Aisling is quite different - she has an allotment that runs the Garden of Eden a close second, with all sorts of wonderful veg and fruit. It's hard work, but a supply of perfectly fresh produce picked just hours earlier is the best thing for any cook.
Especially for any cook concerned about health, allergies, organics and the planet, as well as taste. The rest of us dither in front of the organic vegetables counter in the supermarket and wonder whether it's really worth paying double for those carrots; or worse (as happened to me the other day) we find in a local health food shop a tray full of miserably shrivelled beetroot, coated in soil as if to prove its bona fides, which promised to be unimpeachably organic - but had originated in Chile.
What on earth - pun definitely intended - is the point of sending root vegetables (and their dried mud) right across the globe and selling them with an air of self-righteousness just because they contain no chemicals? It's totally mad. These things grow right here.

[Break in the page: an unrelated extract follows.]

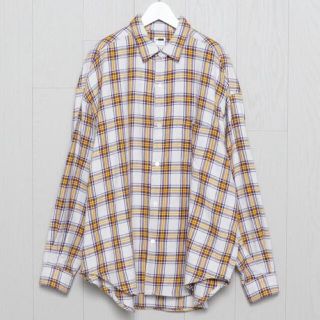 ビューティアンドユースユナイテッドアローズ(BEAUTY&YOUTH UNITED ARROWS)のH BEAUTY&YOUTH CHECK WIDER SHIRT シャツ 未使用(シャツ)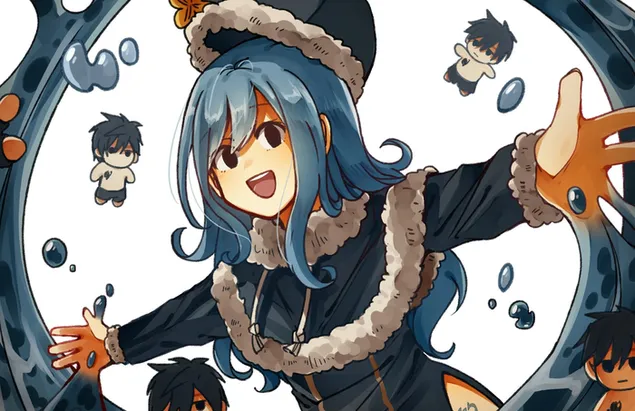 Juvia Lockser HD sfondo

Apart from the fact that their nutritional value will be so much reduced by the amount of time they've been sitting in some cold store, the question of food miles is a really serious one for the environment.
So - organic or not? Local produce versus food that has clocked up frequent flyer points? Cooking involves all these moral choices, as well as concerns of health, quality and taste. Life is complicated . . .
What we've decided to do in the Choosy Food recipes is to leave the choice to you. Call that a cop-out if you like, but our own view is that freshness, using local produce wherever possible, and a concern for the way things are grown or reared matter to us more than a few chemicals. So if you want to use entirely organic produce for our recipes, that's great, but we won't tell you to. We will, though, urge you to find out about the origins of your food, especially meat. Animals that have had a good, free life and a humane end. Eggs that were laid by a bird free to move around. Fish that isn't as endangered as the leopard.
It quickly becomes clear that these big questions about food are the big questions about the world itself, and we can't solve them all. But we can ask about the meat we buy, go to farmer's markets and buy from local growers whenever we can, plan our meals round food that's in season. Best of all, I suppose, would be to plant a row of beans in among those roses. I'll have another cup of coffee and ponder those good intentions.